Floyd County's recorded history begins with the arrival of traders, trappers and hunters in Southwest Virginia in the 18th century. The earliest known travel way through present day Floyd County was the Trader's Path, running from East to West across the Roanoke River where Back Creek enters the river, by John Mason's, R. Poage's, the headwaters of Back Creek and Southwest over Bent Mountain. The trail continued westward through the Little River area to the Lead Mines.

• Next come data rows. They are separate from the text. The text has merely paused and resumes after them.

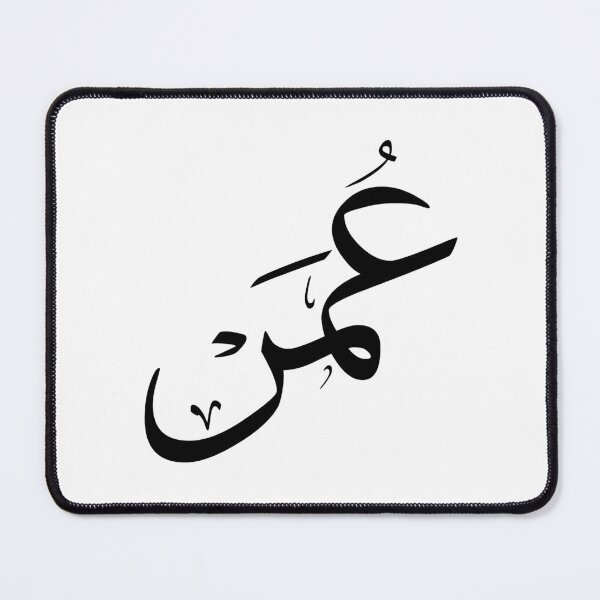Item preview, Omar Name In Arabic Thuluth Calligraphy designed and sold by Noor Gallery.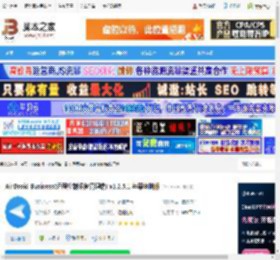 Business mac版下载 AirDroid Business(远程控制设备管理端) v1.2.5.1 苹果电脑版 下载-脚本之家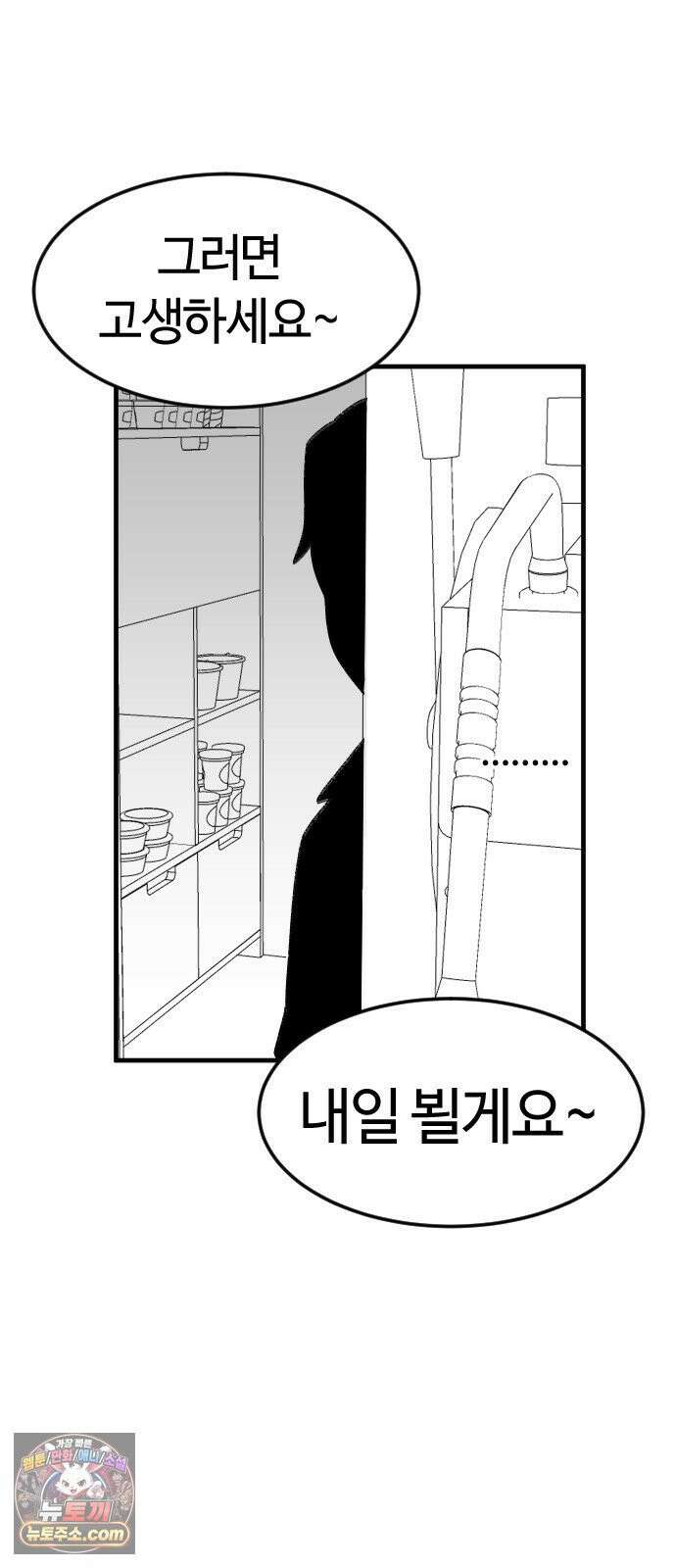 용사생활기록부 46화 당신이 신경쓰여 8
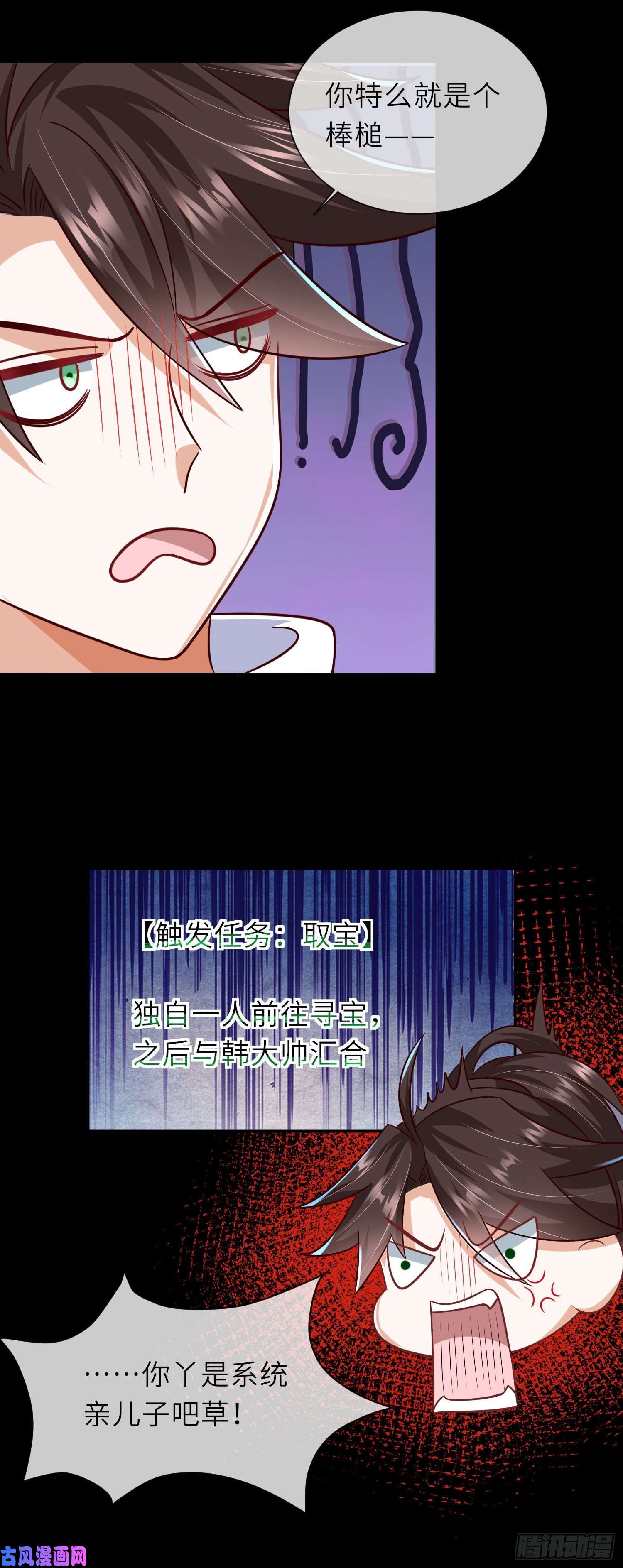 我一作死就变强！07话 沙包大的拳头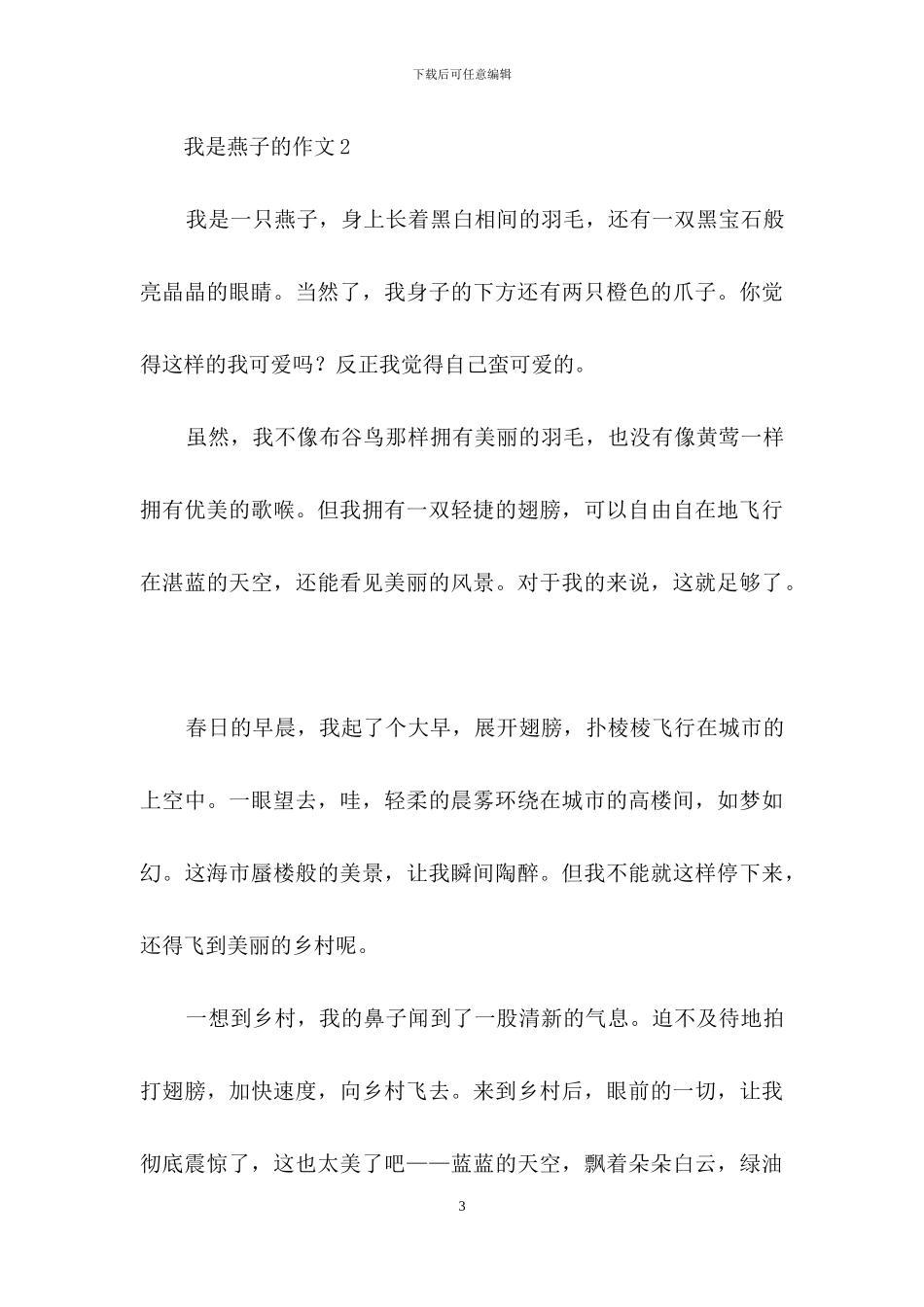 我是燕子的作文_第3页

The first known attempts to settle the area appear to have been made during the 1740s. In 1745 the Virginia Council granted James Patton, of Augusta County among others, 100,000 acres (400 km²) on the New River and the westward flowing waters, including the Little River area. In 1749 the Royal Company of Virginia also received a grant on the westward flowing waters, putting the two companies in competition with one another to settle the area. The first surveying of the land occurred in the late 1740s.

On January 15, 1831, the General Assembly of Virginia passed an act creating the present county of Floyd out of the county Montgomery. The new county was named for the then Governor of Virginia, John Floyd. The new county's courthouse was completed in 1834. In 1870 a portion of Franklin County was added to Floyd County. The first Commonwealth's Attorney was William Ballard Preston, a nephew of John Floyd, who would later serve as Secretary of the United States Navy. Preston was followed in later years by Jubal Early, who would later serve as a general for the Confederate Army.

The county seat of Floyd County was first called Jacksonville for Andrew Jackson, seventh President of the United States (1829–1837). Jacksonville was first incorporated in 1858 and then re-incorporated on February 19, 1892 to expand the town boundaries. On January 23, 1896, the General Assembly passed an Act officially changing the name of the Town of Jacksonville to the town of Floyd.

The county became a destination for those involved in the counterculture during the 1960s and 1970s particularly those who wanted to live in closer contact with nature. In the late 1990s, the Rivendell community was established by a group of Christians so they could practice a lifestyle consistent with their Reformed Churches interpretations of the Bible and also, in part, to be better isolated from possible societal disruptions caused by the Y2K computer problem. Nonetheless, the county's location directly adjacent to both the Roanoke and the Blacksburg-Christiansburg-Radford Metropolitan Statistical Areas have contributed to modest population growth in contrast to most rural counties in Southwest Virginia. Several bloggers live in the county and frequently post observations about the community and its rural setting.